↓

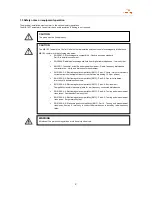 Предварительный просмотр 5 страницы COMEM MB 103 Instruction Manual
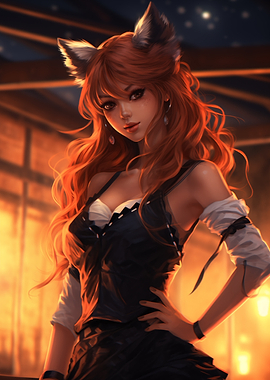 Fox Girl Anime Art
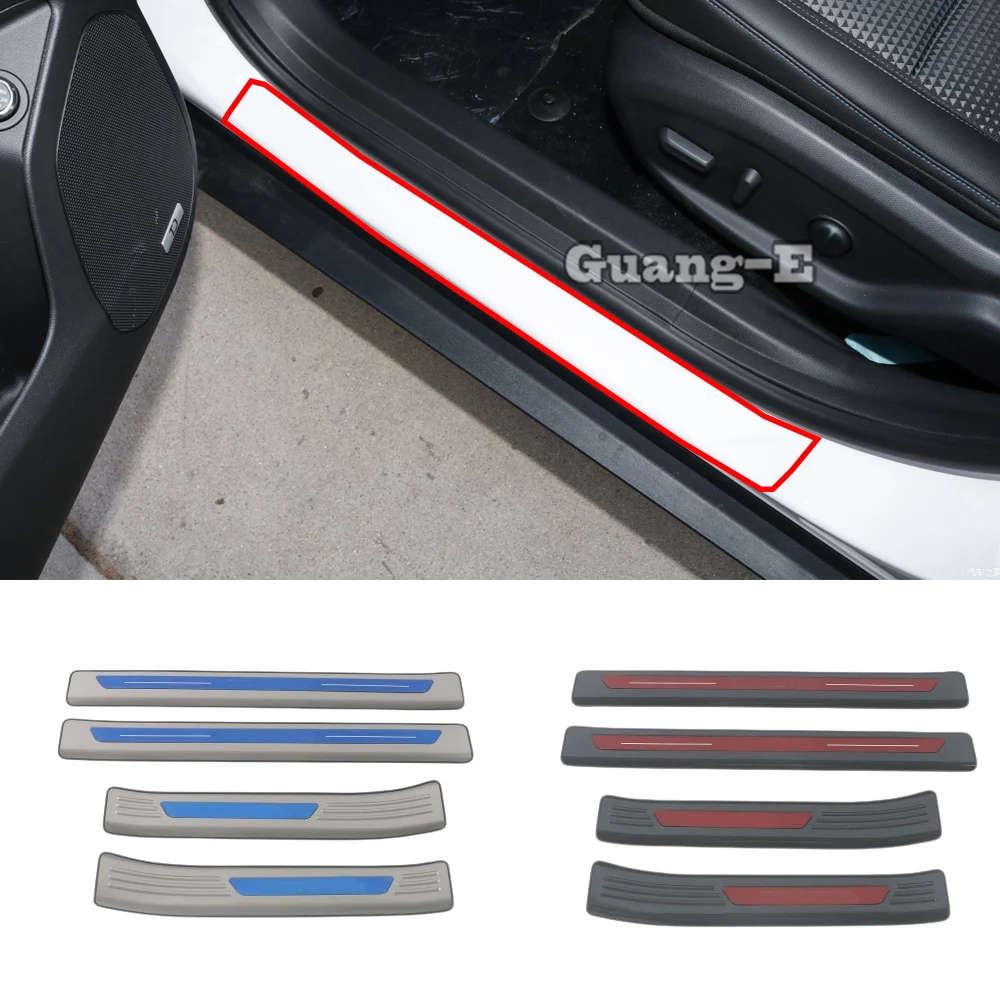 

For Chevrolet Trax Seeker 2022 2023 2024+ Steel Car External Sill Scuff Plate Door Pedal Cover Auto Threshold Strip Accessories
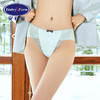 安莉芳新品舒适无痕色丁内裤女棉质底裆蕾丝边低腰三角裤E300419 商品缩略图0
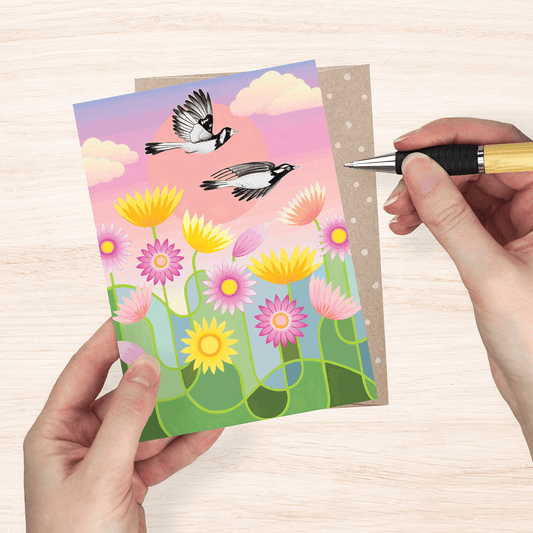 Wind Beneath My Wings Greeting Card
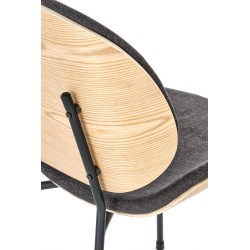 'K467 Natural Oak Chair / Upholstery: Dark Ash' 'K467 Natural Oak Chair / Upholstery: Dark Ash'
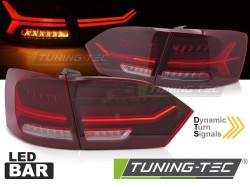 LED BAR TAIL LIGHTS RED WHITE fits VW JETTA VI 11-14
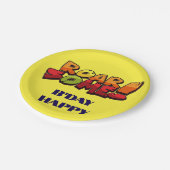 B'Day Happy Round Paper Bord (Gekanteld)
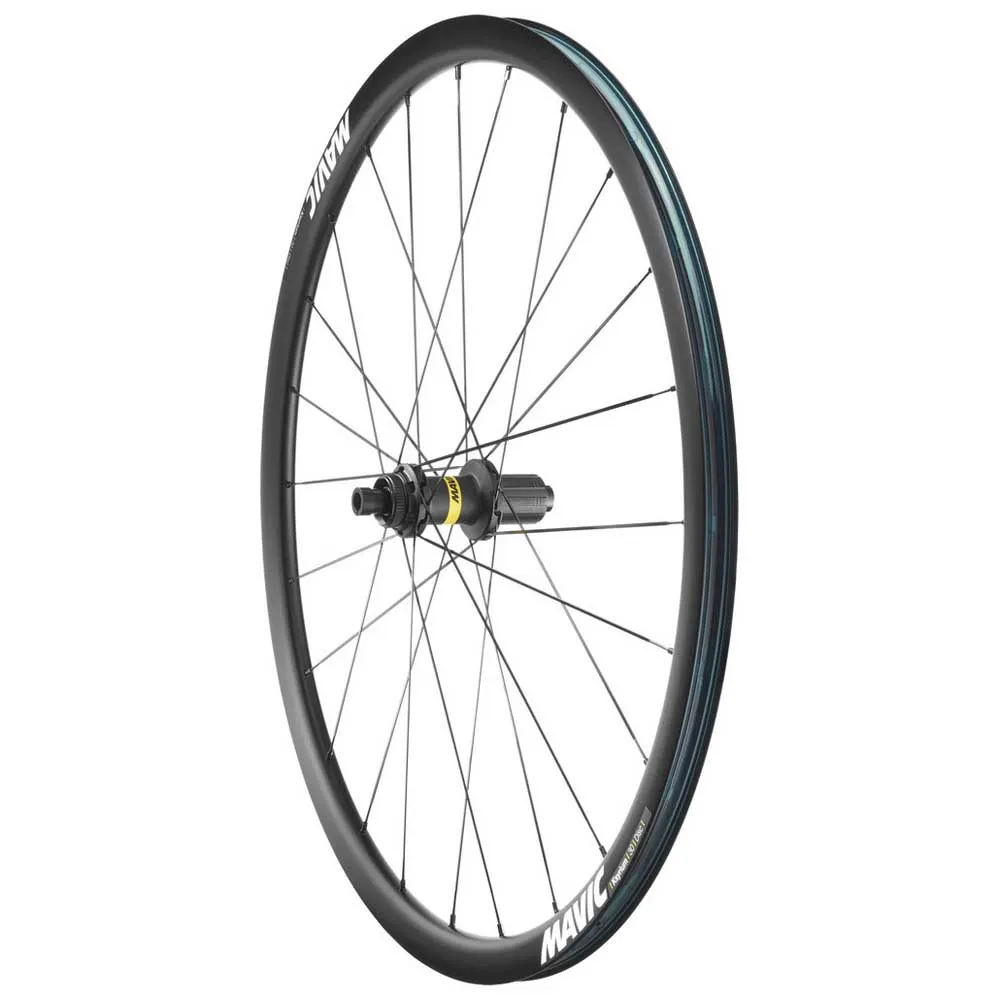 Mavic Ksyrium 30 Cl Disc Tubeless Rennrad Laufradsatz, Black, 12 x 100 / 12 x 142mm, Shimano/Sram HG Mavic Ksyrium 30 Cl Disc Tubeless Rennrad Laufradsatz, Black, 12 x 100 / 12 x 142mm, Shimano/Sram HG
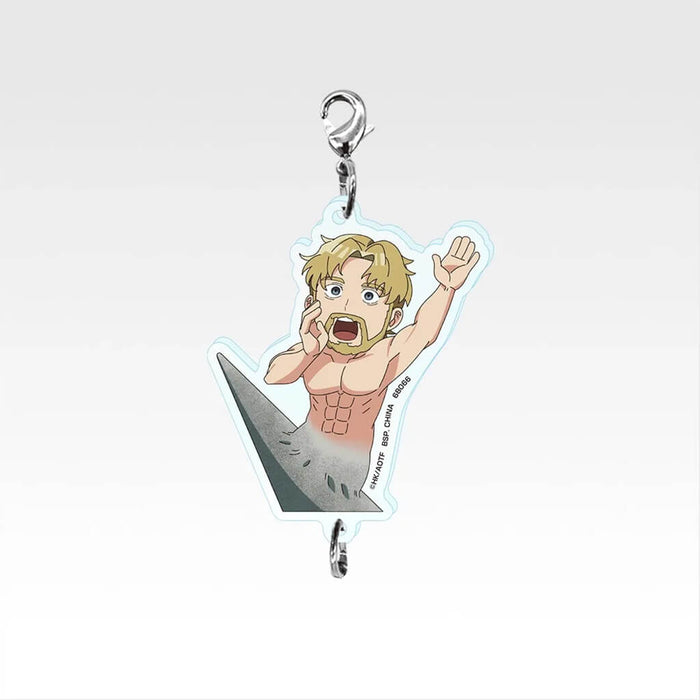 ICHIBAN KUJI ATTACK ON TITAN EACH PERSON'S RESOLVE - CONNECTABLE ACRYLIC CHARM FULL SET LOT F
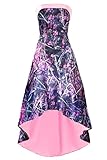 DINGZANCAMO High Low Muddy Camo Bridesmaid Prom Dress Wedding Party Reception Gown 22 Pink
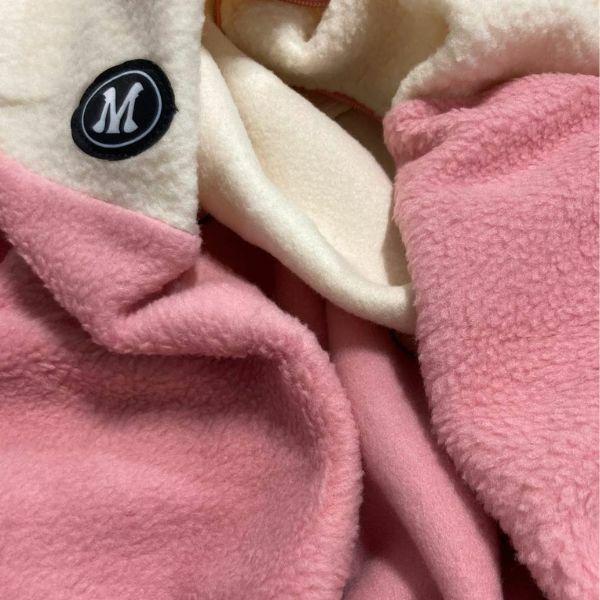 Кофта жіноча флісова C00214-4 L Біло-рожевий (C00214-4) - фото 3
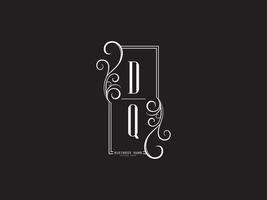 luxe dq logo icoon, creatief dq brief logo ontwerp voor bedrijf vector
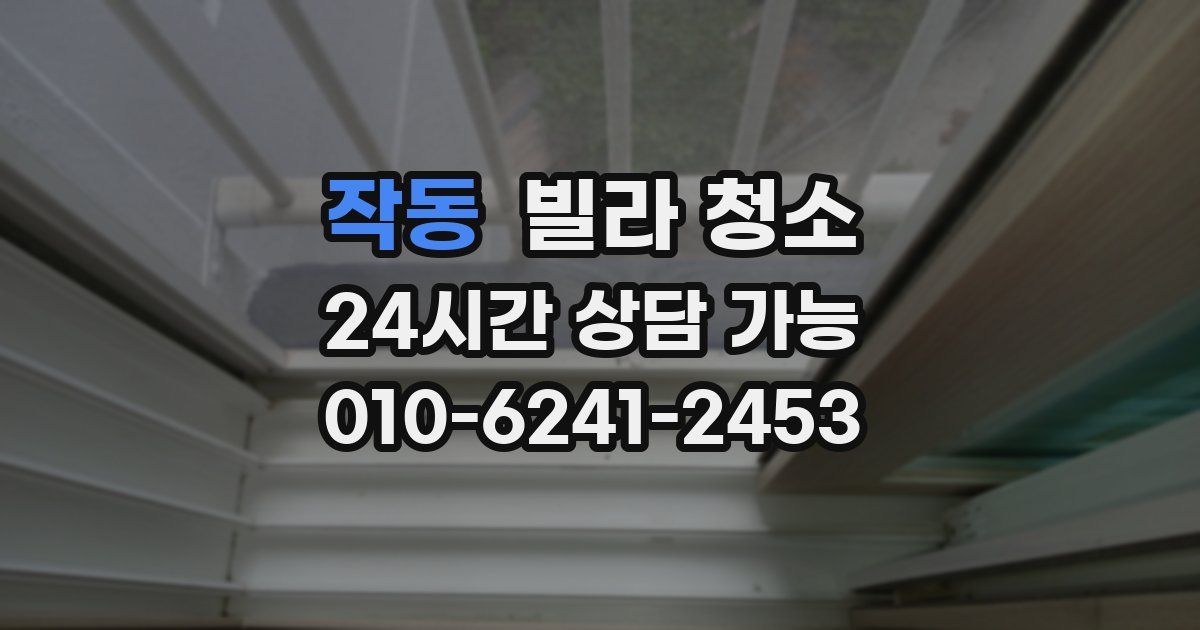 작동 빌라 청소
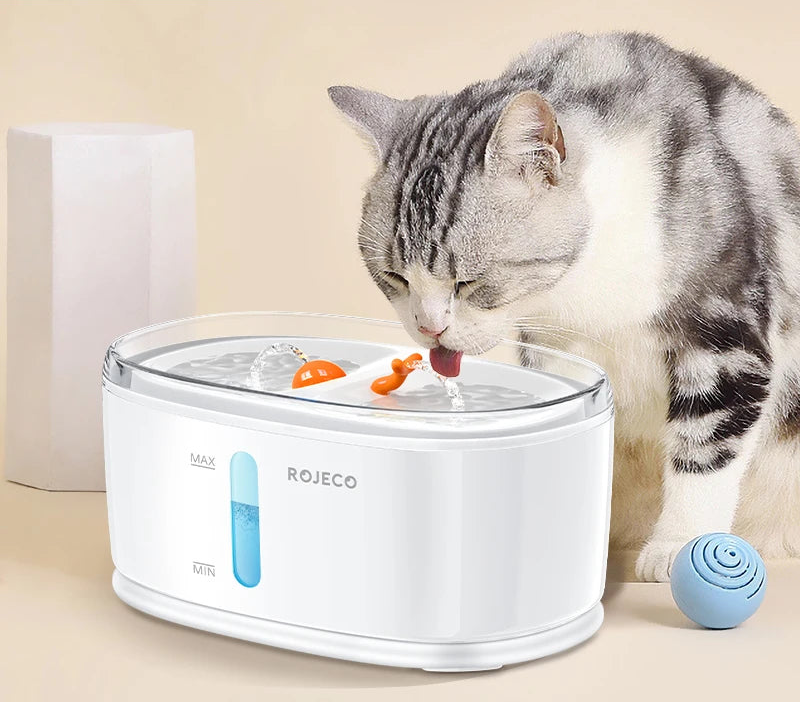 Automatic Wireless Dual-Flow Pet Water Fountain for Cats & Dogs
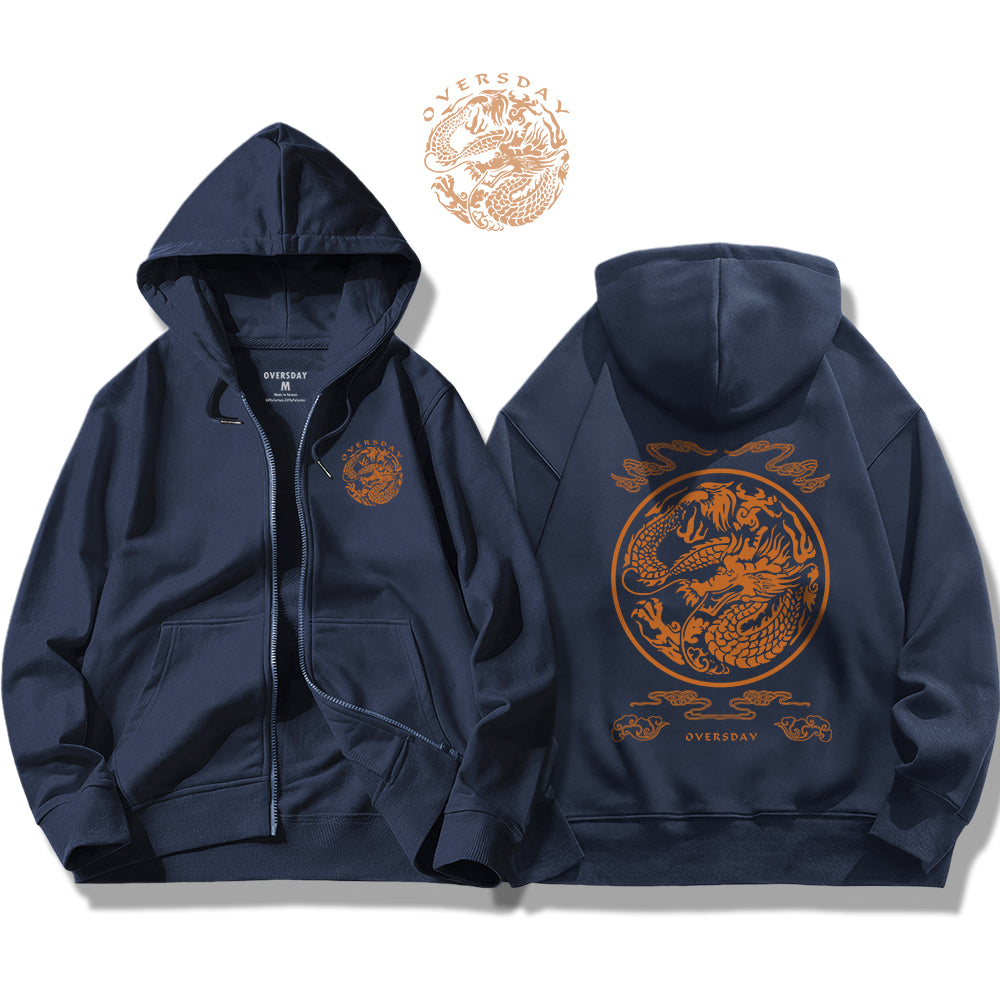 Emperor Dragon Pattern / Zip Up Hoodie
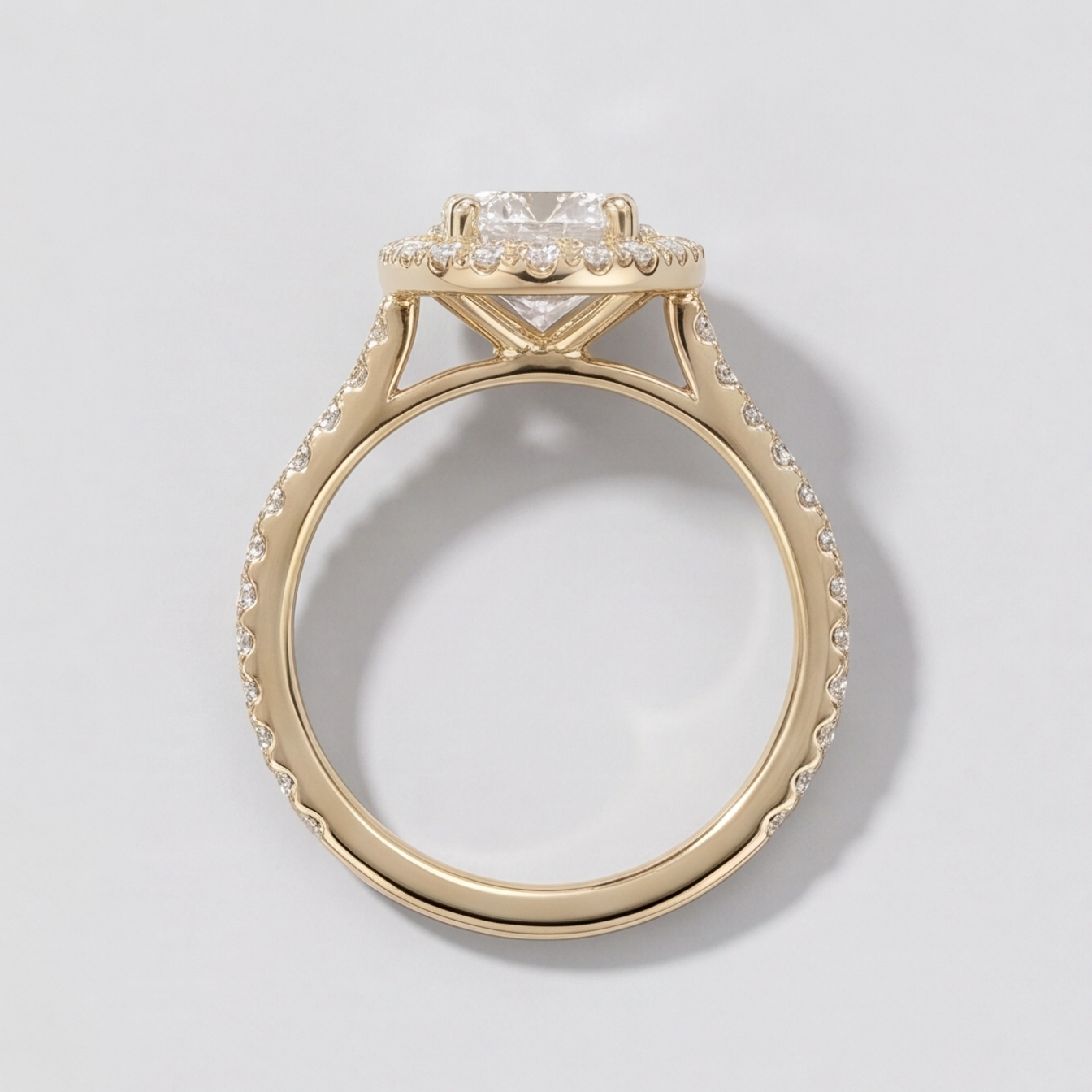1.50 Ct. Lab-Grown Diamond Halo Ring Oval Cut (VS-EF)
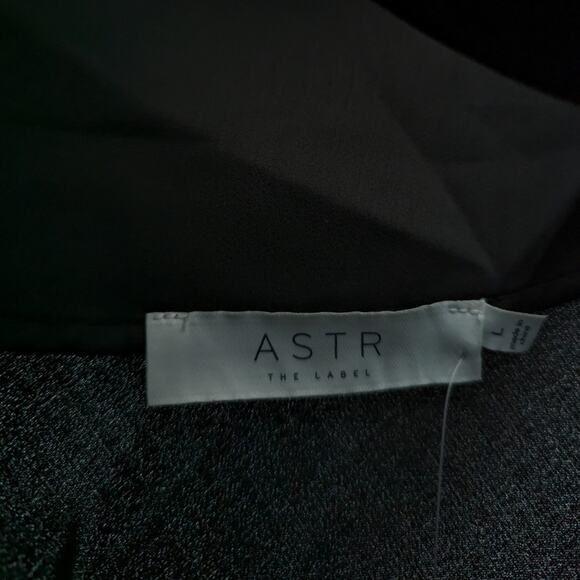 ASTR The Label Black Draped Chain Larisa Top Size L - Picture 5 of 7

↑

[Problem statement]
Output nothing except an exact copy of the records above, with the images left out.

[Problem solution]
 Предварительный просмотр 5 страницы COMEM MB 103 Instruction Manual
 Fox Girl Anime Art

For Chevrolet Trax Seeker 2022 2023 2024+ Steel Car External Sill Scuff Plate Door Pedal Cover Auto Threshold Strip Accessories
 安莉芳新品舒适无痕色丁内裤女棉质底裆蕾丝边低腰三角裤E300419 商品缩略图0
 Wind Beneath My Wings Greeting Card
 'K467 Natural Oak Chair / Upholstery: Dark Ash' 'K467 Natural Oak Chair / Upholstery: Dark Ash'
 LED BAR TAIL LIGHTS RED WHITE fits VW JETTA VI 11-14
 B'Day Happy Round Paper Bord (Gekanteld)
 Mavic Ksyrium 30 Cl Disc Tubeless Rennrad Laufradsatz, Black, 12 x 100 / 12 x 142mm, Shimano/Sram HG Mavic Ksyrium 30 Cl Disc Tubeless Rennrad Laufradsatz, Black, 12 x 100 / 12 x 142mm, Shimano/Sram HG
 ICHIBAN KUJI ATTACK ON TITAN EACH PERSON'S RESOLVE - CONNECTABLE ACRYLIC CHARM FULL SET LOT F
 DINGZANCAMO High Low Muddy Camo Bridesmaid Prom Dress Wedding Party Reception Gown 22 Pink
 Кофта жіноча флісова C00214-4 L Біло-рожевий (C00214-4) - фото 3
 luxe dq logo icoon, creatief dq brief logo ontwerp voor bedrijf vector
 작동 빌라 청소
 Automatic Wireless Dual-Flow Pet Water Fountain for Cats & Dogs
 Emperor Dragon Pattern / Zip Up Hoodie
1.50 Ct. Lab-Grown Diamond Halo Ring Oval Cut (VS-EF)
 ASTR The Label Black Draped Chain Larisa Top Size L - Picture 5 of 7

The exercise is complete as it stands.